SUPPLIED DATA section start

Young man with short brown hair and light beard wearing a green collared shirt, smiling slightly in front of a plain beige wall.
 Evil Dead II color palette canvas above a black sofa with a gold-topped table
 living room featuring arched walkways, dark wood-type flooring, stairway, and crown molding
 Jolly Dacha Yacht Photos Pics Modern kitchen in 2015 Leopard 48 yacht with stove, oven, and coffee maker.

SUPPLIED DATA section end

WHAT IS EXPECTED:
Word for word, repeat every line of the data.

OUTPUT FOR THIS EXERCISE:
Young man with short brown hair and light beard wearing a green collared shirt, smiling slightly in front of a plain beige wall.
 Evil Dead II color palette canvas above a black sofa with a gold-topped table
 living room featuring arched walkways, dark wood-type flooring, stairway, and crown molding
 Jolly Dacha Yacht Photos Pics Modern kitchen in 2015 Leopard 48 yacht with stove, oven, and coffee maker.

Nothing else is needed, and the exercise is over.